Once known as “America’s Dad," 81-year-old actor and comedian Bill Cosby was sentenced to three to 10 years in state prison for the 2004 sexual assault of Andrea Constand, a former employee of Temple University, Cosby’s alma mater.
Despite an 11th-hour appeal for house-arrest by Cosby’s attorney, Joseph Greene, the convicted actor was remanded immediately to custody and taken out of the courtroom in handcuffs. Greene had cited Cosby’s advanced age and blindness as reasons to keep him out of prison, but Montgomery County, Pennsylvania Judge Steven O’Neill was having none of that.
“This was a serious crime,” O’Neill said. “Mr. Cosby, this has all circled back to you. The day has come, the time has come.”
The State of Pennsylvania has classified Cosby as a sexually violent predator based on psychological reports, which say that Cosby has a mental disorder that involves urges toward non-consenting women.
Cosby, who was convicted in April of three counts of felony aggravated indecent assault, burst out laughing briefly after the sentence was read, but said nothing else as sheriff’s deputies took his belongings, handcuffed him, and led him away. Cosby was taken to Montgomery County Correctional Facility for processing prior to being taken to his home for the next three years: SCI Phoenix, a new state prison outside of Philadelphia. Staff at the prison will assess Cosby’s medical needs. It is possible, due to his advanced age and physical condition, that Cosby will serve his sentence in a long-term medical care unit.

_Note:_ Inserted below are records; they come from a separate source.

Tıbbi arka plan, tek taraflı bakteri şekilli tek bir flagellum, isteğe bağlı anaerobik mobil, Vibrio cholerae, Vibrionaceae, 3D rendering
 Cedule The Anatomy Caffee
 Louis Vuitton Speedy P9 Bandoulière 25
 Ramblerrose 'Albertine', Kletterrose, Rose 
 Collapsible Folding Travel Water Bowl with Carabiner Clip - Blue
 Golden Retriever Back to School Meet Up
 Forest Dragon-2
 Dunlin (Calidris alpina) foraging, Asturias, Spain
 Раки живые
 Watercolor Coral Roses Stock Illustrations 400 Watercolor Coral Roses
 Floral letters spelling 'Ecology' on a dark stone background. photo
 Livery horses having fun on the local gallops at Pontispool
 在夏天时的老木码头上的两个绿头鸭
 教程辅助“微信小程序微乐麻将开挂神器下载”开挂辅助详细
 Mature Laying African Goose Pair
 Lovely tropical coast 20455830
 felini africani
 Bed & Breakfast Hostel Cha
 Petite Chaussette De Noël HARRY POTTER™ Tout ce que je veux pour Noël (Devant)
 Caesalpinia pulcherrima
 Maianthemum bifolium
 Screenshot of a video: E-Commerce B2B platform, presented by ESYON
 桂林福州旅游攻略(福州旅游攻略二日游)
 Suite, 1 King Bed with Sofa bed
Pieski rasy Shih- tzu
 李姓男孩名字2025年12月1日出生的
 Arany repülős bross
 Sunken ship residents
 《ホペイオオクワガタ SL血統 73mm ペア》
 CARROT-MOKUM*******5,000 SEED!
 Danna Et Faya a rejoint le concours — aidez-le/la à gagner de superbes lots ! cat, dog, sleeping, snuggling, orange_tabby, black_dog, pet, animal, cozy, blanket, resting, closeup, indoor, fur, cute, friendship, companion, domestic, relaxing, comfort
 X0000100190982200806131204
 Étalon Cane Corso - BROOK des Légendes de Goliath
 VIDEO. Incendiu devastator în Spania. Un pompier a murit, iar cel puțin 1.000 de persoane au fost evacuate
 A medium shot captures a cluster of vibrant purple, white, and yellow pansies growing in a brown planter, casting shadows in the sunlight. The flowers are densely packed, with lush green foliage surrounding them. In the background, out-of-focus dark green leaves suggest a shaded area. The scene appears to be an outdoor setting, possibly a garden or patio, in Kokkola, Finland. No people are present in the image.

Cosby has been accused of various degrees of sexual assault, up to and including rape, by dozens of women. Thus far, this is the only conviction, although previously, he had been forced to pay Constand $3.4 million in a civil suit. Cosby is still facing at least three other civil suits from other accusers. More than 60 women in total have accused Cosby of sex crimes, dating back at least five decades.
Constand offered a written statement to the court in advance of the sentencing. In it, she stated, “Bill Cosby took my beautiful, healthy young spirit and crushed it. He robbed me of my health and vitality, my open nature and my trust in myself and others.”
Judge O’Neill cited Constand’s statement when offering reasons for the sentencing. “I have given great weight to the victim impact testimony in this case, and it was powerful,” O’Neill said.
Several of Cosby’s accusers were present for the sentencing, including former supermodel Janice Dickinson, who accused Cosby of drugging and raping her in a hotel room in 1982. Dickinson nearly had to be removed from the courtroom for laughing as the sentence was read and saying directly to Cosby, “See, I got the last laugh, pal.”
Cosby’s publicist, Andrew Wyatt, blasted everyone connected with the trial in a statement after the sentence was handed out. “I believe it is important to point out that this has been the most racist and sexist trial in the history of the United States,” Wyatt said. “You know what this country has done to black men for decades.”
Wyatt relayed that Cosby was in good spirits and added, “He knows that these are lies.”
The conviction and sentencing of Cosby signal the beginning of the penultimate chapter in a long life that included many groundbreaking successes. Cosby was the first African-American to be a lead actor on a major network television show when he was cast as Alexander Scott on NBC’s I Spy in 1965. The comedian and actor was a fixture on television from the 1960s through the 1990s, with his biggest success coming on the 1980s sitcom The Cosby Show, which ran from 1984 until 1992. His run as Dr. Cliff Huxtable, the well-to-do, no-nonsense patriarch of an African-American family, was hailed for the breaking of racial stereotypes in Hollywood.
Unfortunately, that legacy is gone. In its place is the sad mugshot taken of Cosby before his internment in the State of Pennsylvania’s prison system. Once known as “America’s Dad,” Cosby is now known as “America’s serial rapist.”